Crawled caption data
··········
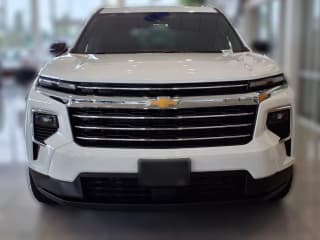 Chevrolet Traverse FWD LT 4dr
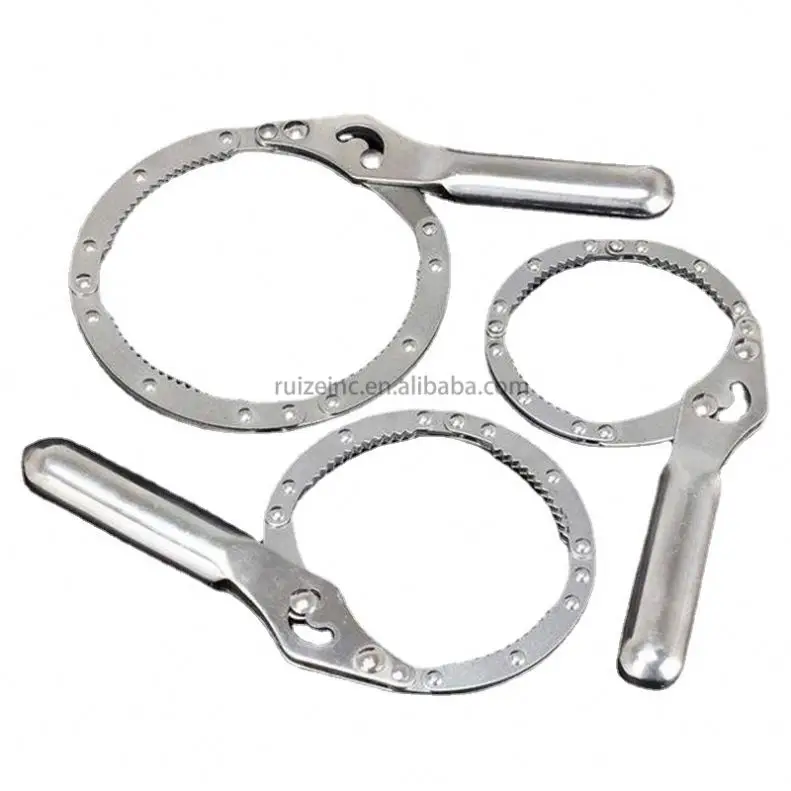 Масляный фильтр из нержавеющей стали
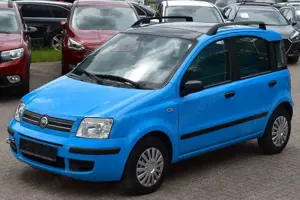 Fiat Panda 1.3 16V JTD Dynamic SCHIEBEDACH|EL.FH|BC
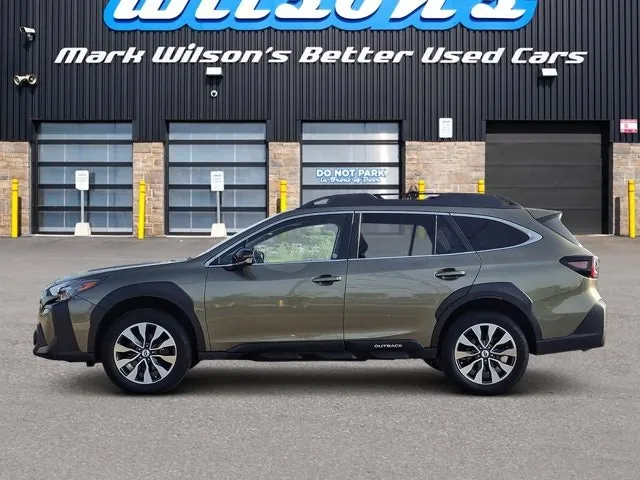 Subaru Outback 2024 photo 2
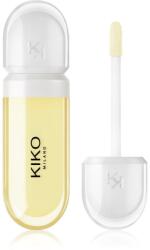 KIKO Kissable Lip Volume Plumping Lip Cream hidratáló krém az ajkakra árnyalat 06 Sunbeam 6.5 ml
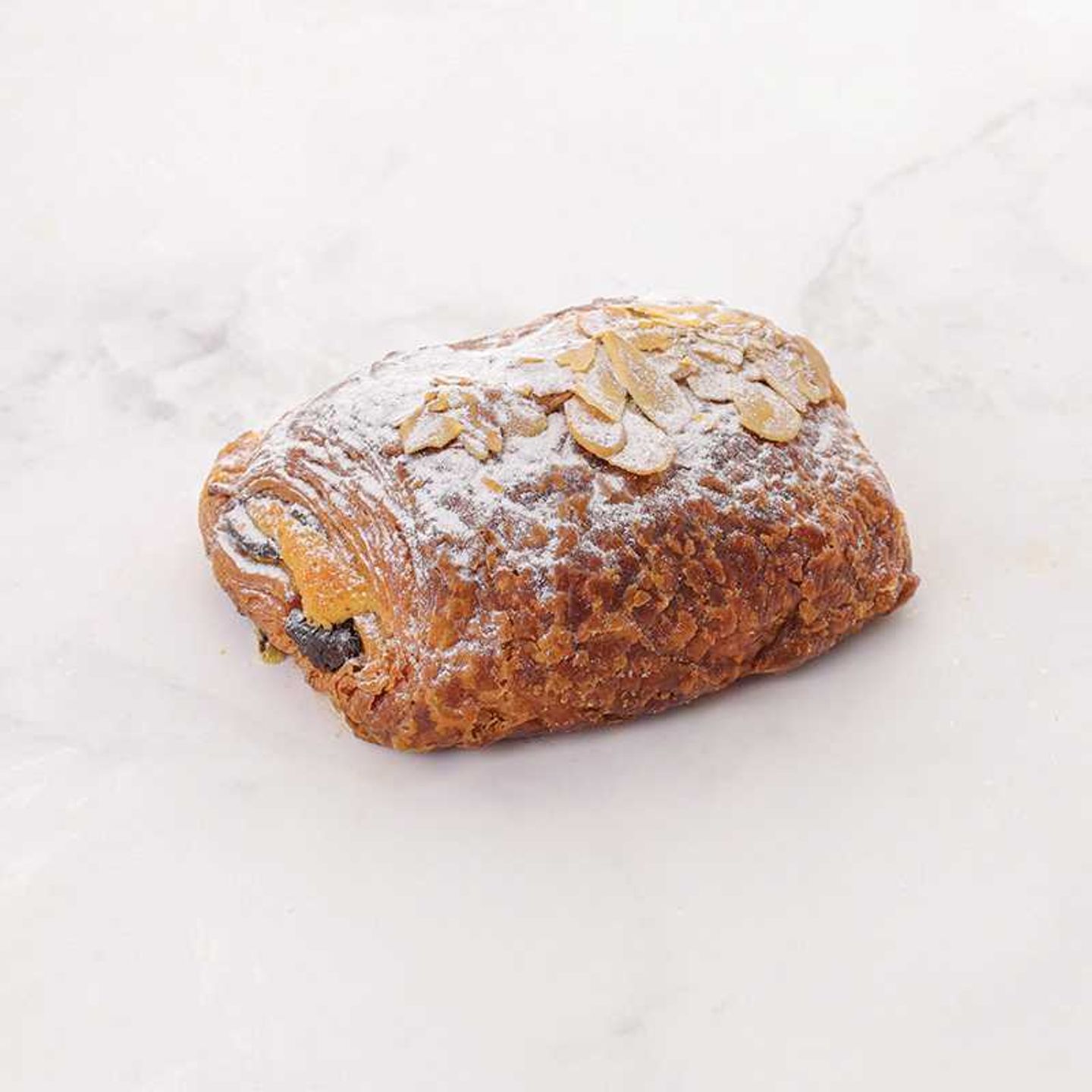 Choco Almond Croissant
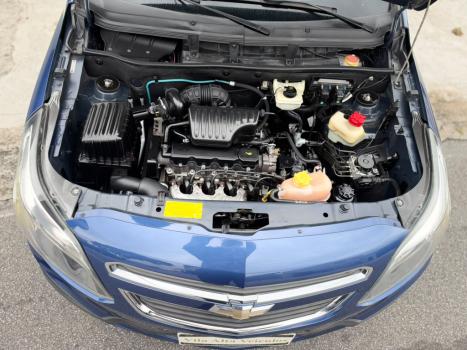 CHEVROLET Agile 1.4 4P LTZ FLEX, Foto 18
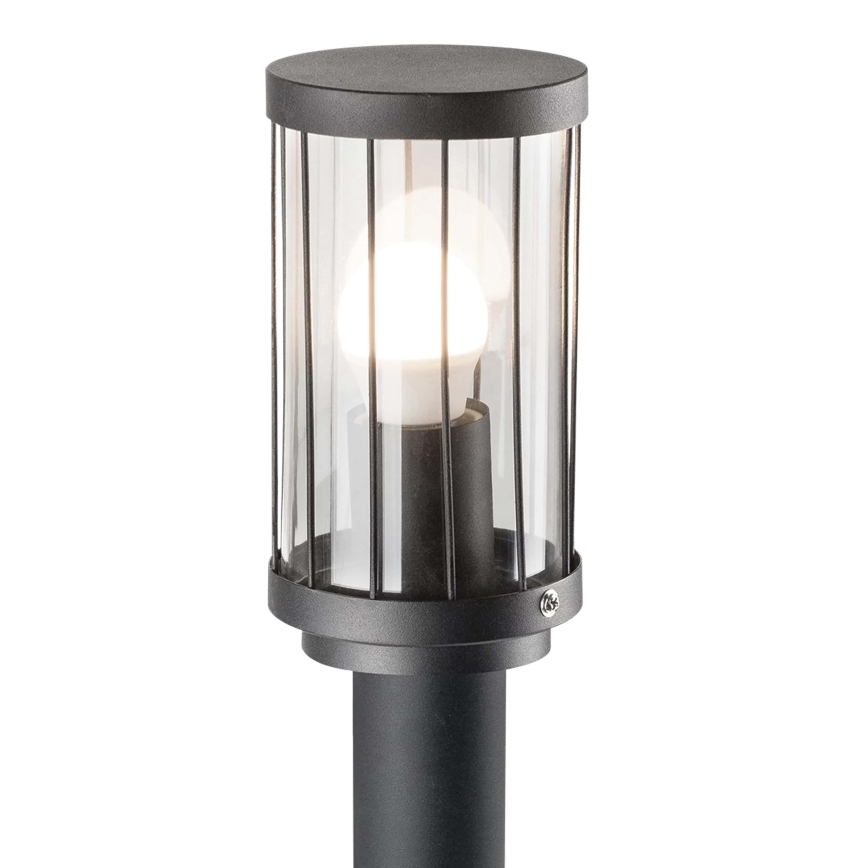 Vonkajšia lampa FIORD 1xE27/10W/230V IP44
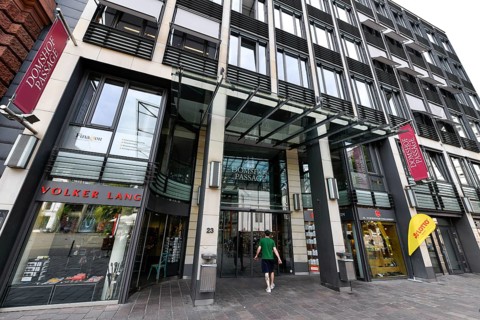 Domshof-Passage shopping centre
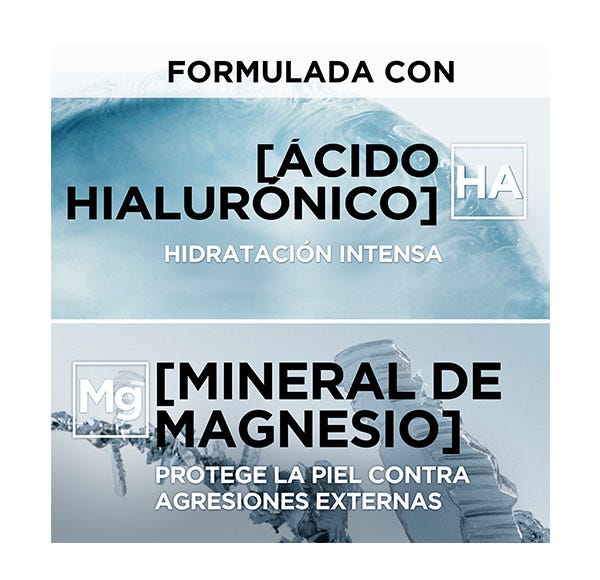 Ενυδατική Κρέμα Magnesium Defense 24H | 50ML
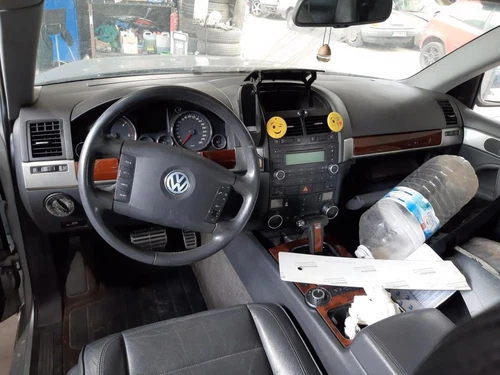 7L6953235 Warning para VOLKSWAGEN TOUAREG (7L6) TDI V10 2004 7665587 - Imagen 6 de 9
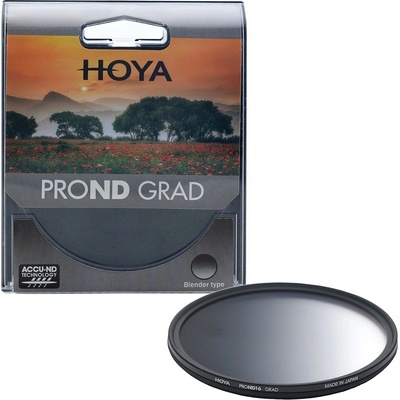 HOYA přechodový ND 16x 77mm
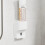 Automatic Sensing Toothpaste Dispenser Child-Friendly Electric Toothpaste Applicator with Storage Rack for Dental Care 6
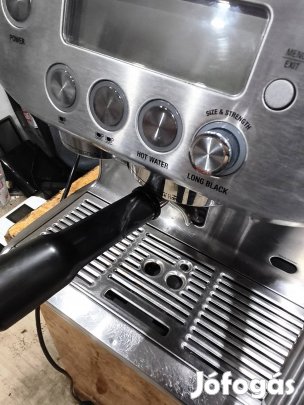 Hibás gastroback kávegep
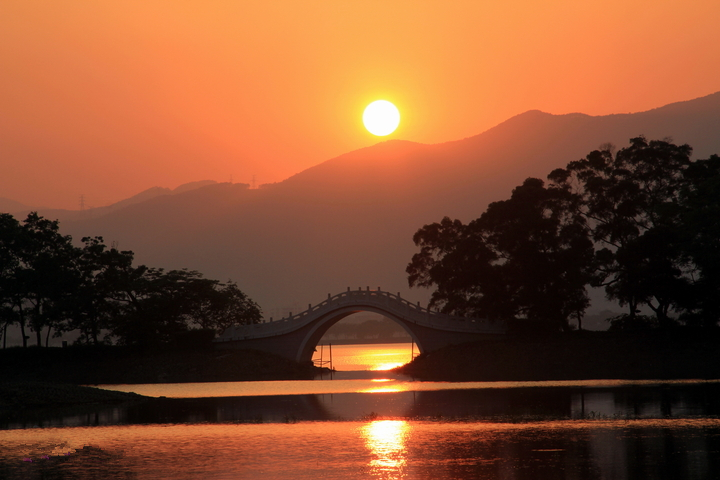 青山依旧在，几度夕阳红——那些有夕阳的绝美诗词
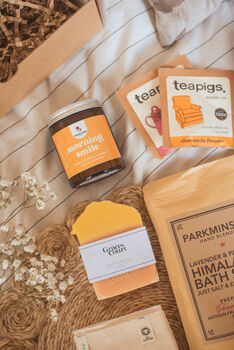 'A Little Box Of Love' New Mum Gift Box, 3 of 8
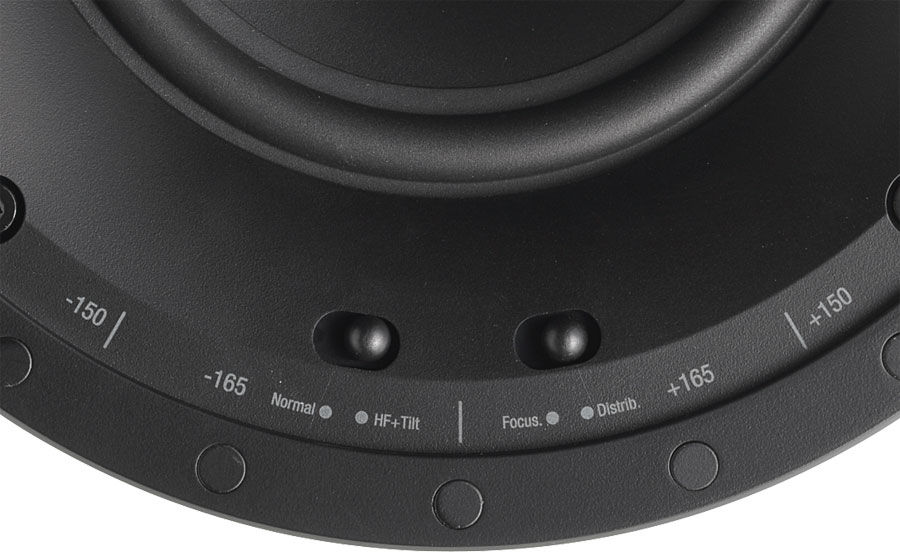 Dali Phanthom E50 (la pièce) - Enceintes encastrables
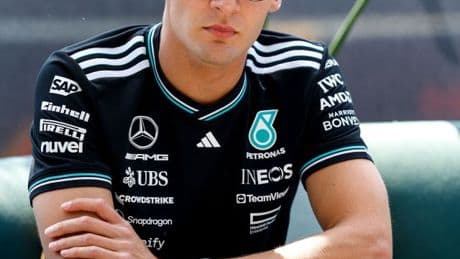 George Russell warns Mercedes ‘nothing is out of the question’ with F1 future up in the air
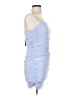Lulus Blue Cocktail Dress Size L - photo 4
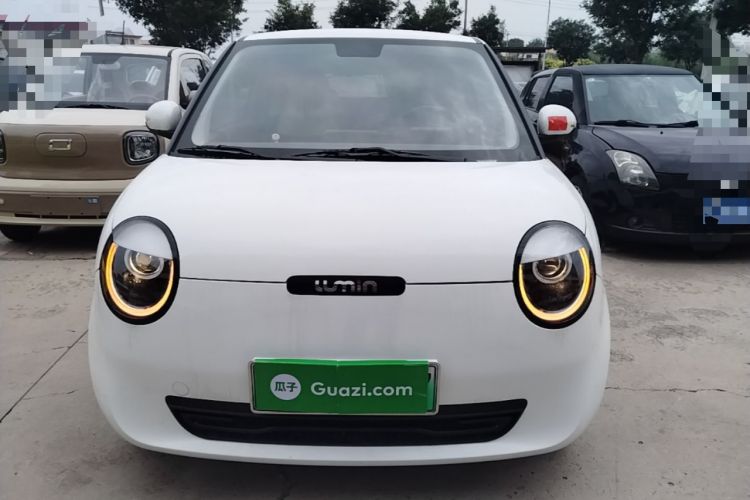 Used CHANGAN NEVO Lumin 2023 205km Xiangqin Version Front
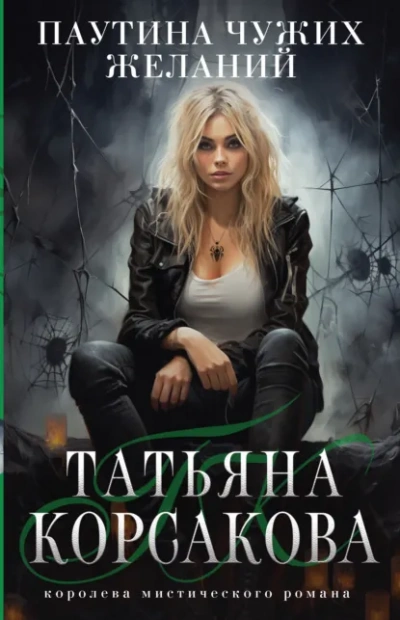 Паутина чужих желаний - Татьяна Корсакова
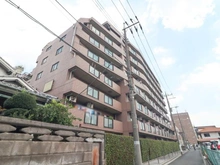【東京都/足立区竹の塚】ライオンズシティ竹ノ塚第2 外観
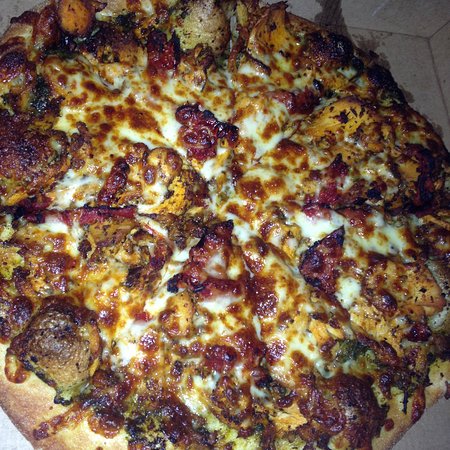 Hunter Gourmet Pizza - Hotel NSW 0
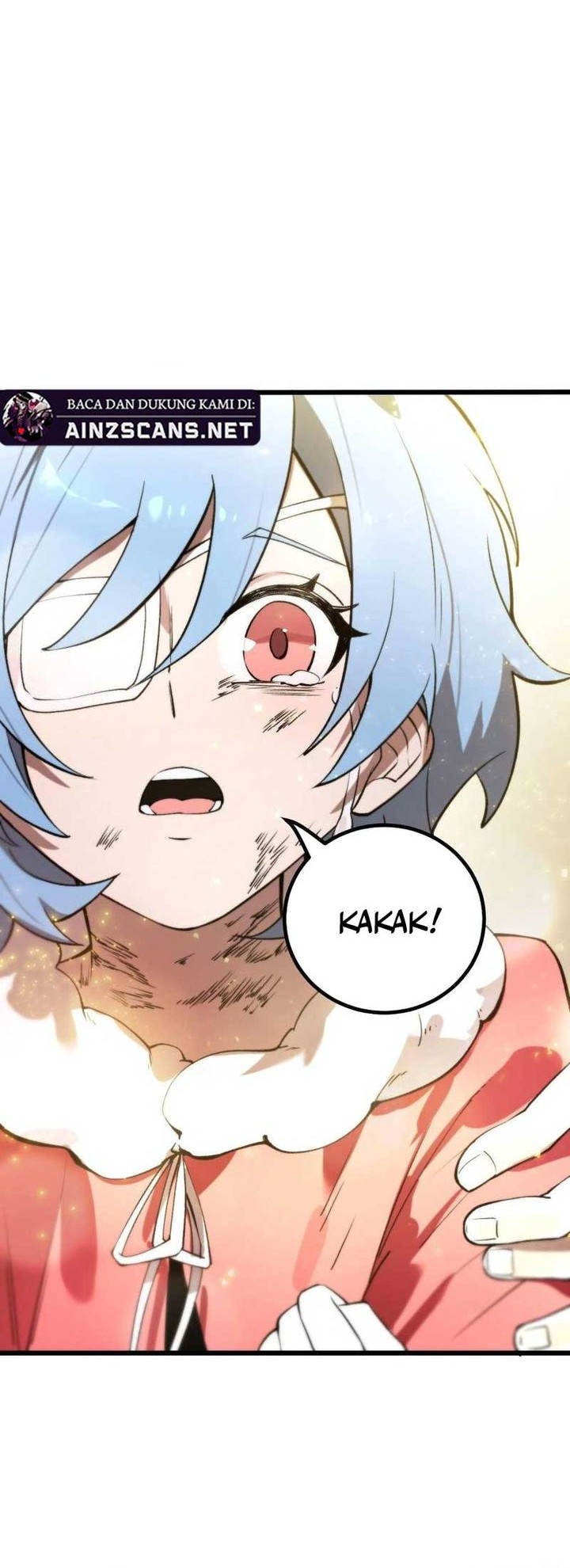SSS-level Paladin Who Breaks All Logic Chapter 89 - halaman 8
··········
=== The task ===
Please return all of the entries word for word, excluding the pictures.

=== Exercise answer ===
 Chevrolet Traverse FWD LT 4dr
 Масляный фильтр из нержавеющей стали
 Fiat Panda 1.3 16V JTD Dynamic SCHIEBEDACH|EL.FH|BC
 Subaru Outback 2024 photo 2
 KIKO Kissable Lip Volume Plumping Lip Cream hidratáló krém az ajkakra árnyalat 06 Sunbeam 6.5 ml
 Choco Almond Croissant
 CHEVROLET Agile 1.4 4P LTZ FLEX, Foto 18
 Vonkajšia lampa FIORD 1xE27/10W/230V IP44
 Domshof-Passage shopping centre
 Ενυδατική Κρέμα Magnesium Defense 24H | 50ML
 7L6953235 Warning para VOLKSWAGEN TOUAREG (7L6) TDI V10 2004 7665587 - Imagen 6 de 9
 HOYA přechodový ND 16x 77mm
 Automatic Sensing Toothpaste Dispenser Child-Friendly Electric Toothpaste Applicator with Storage Rack for Dental Care 6
 Hibás gastroback kávegep
 青山依旧在，几度夕阳红——那些有夕阳的绝美诗词
 'A Little Box Of Love' New Mum Gift Box, 3 of 8
 Dali Phanthom E50 (la pièce) - Enceintes encastrables
 George Russell warns Mercedes ‘nothing is out of the question’ with F1 future up in the air
Lulus Blue Cocktail Dress Size L - photo 4
 Used CHANGAN NEVO Lumin 2023 205km Xiangqin Version Front
 Паутина чужих желаний - Татьяна Корсакова
【東京都/足立区竹の塚】ライオンズシティ竹ノ塚第2 外観
 Hunter Gourmet Pizza - Hotel NSW 0
SSS-level Paladin Who Breaks All Logic Chapter 89 - halaman 8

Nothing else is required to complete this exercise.